(DATA PROVIDED)

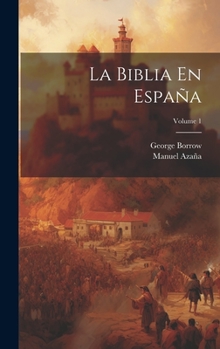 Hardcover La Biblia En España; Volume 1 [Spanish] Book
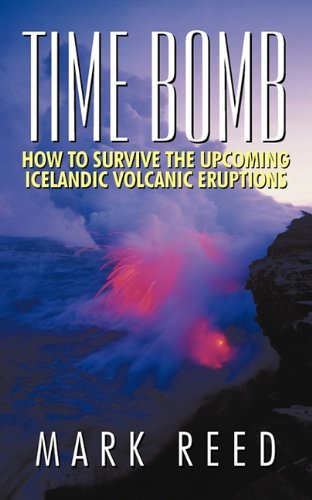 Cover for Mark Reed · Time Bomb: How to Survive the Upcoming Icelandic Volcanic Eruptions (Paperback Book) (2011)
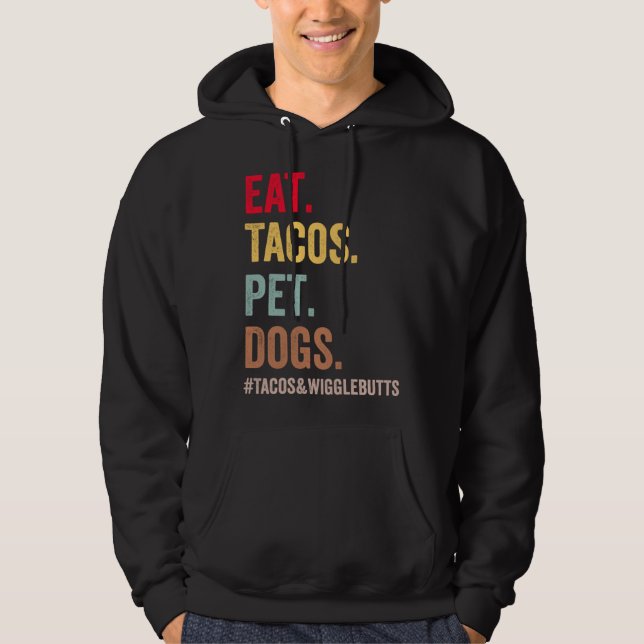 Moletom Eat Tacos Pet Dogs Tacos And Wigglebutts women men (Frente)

(End DATA PROVIDED)

■ YOUR TASK: Please print the data above in its entirety, exactly, but without any picture.

■ TASK RESPONSE:
 Hardcover La Biblia En España; Volume 1 [Spanish] Book
 Cover for Mark Reed · Time Bomb: How to Survive the Upcoming Icelandic Volcanic Eruptions (Paperback Book) (2011)
 Moletom Eat Tacos Pet Dogs Tacos And Wigglebutts women men (Frente)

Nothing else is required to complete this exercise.